Kioxia has begun sample shipments of 1Tb triple-level-cell memory devices using its 10th-generation BiCS FLASH 3D NAND technology.

The devices are intended primarily for enterprise and data-centre SSDs, strengthening Kioxia’s storage portfolio for AI infrastructure. Production is planned at Fab2 of the company’s Kitakami plant in Iwate Prefecture, Japan.

The new generation uses 332 layers and improves lateral density to increase bit density compared with eighth-generation BiCS FLASH. The technology also reaches a 4.8Gb/s NAND interface speed, while improving write and read power efficiency. Kioxia is using CMOS directly Bonded to Array technology and On-Pitch Select Gate Drain technology, both introduced in earlier BiCS generations, to support the performance and density improvements.

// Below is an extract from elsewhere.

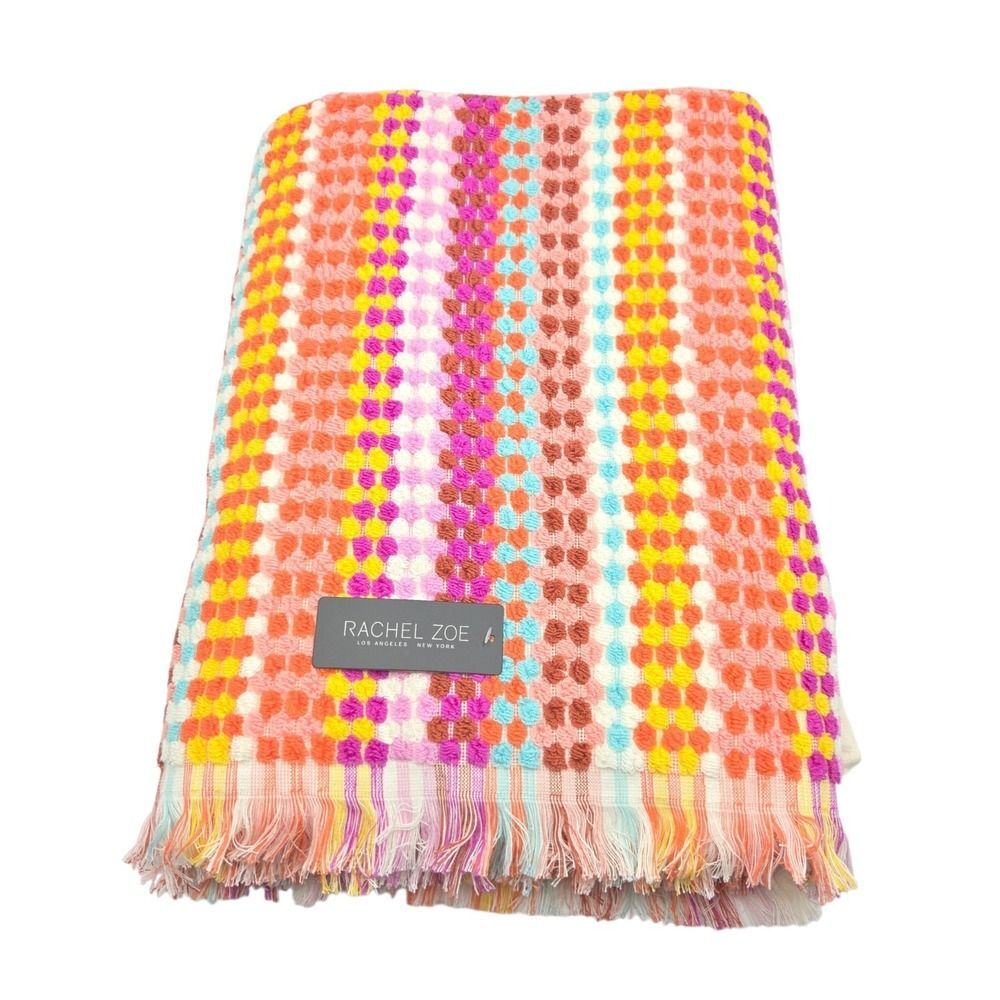 Rachel Zoe Warm Multi Striped Oversized Beach Towel Raised Ots With Fringe 40x70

AI infrastructure is reshaping memory demand beyond high-bandwidth memory. Training accelerators depend heavily on HBM, but inference, retrieval-augmented generation, vector databases, checkpointing, model storage, and data staging all increase pressure on SSD capacity, bandwidth, latency, power efficiency, and endurance.

NAND has already moved closer to the centre of the AI infrastructure discussion, with AI inference demand pushing flash supply into constraint. Kioxia’s 10th-generation sampling gives that demand a product-level example, linking higher-density 3D NAND directly with enterprise storage systems built for AI workloads.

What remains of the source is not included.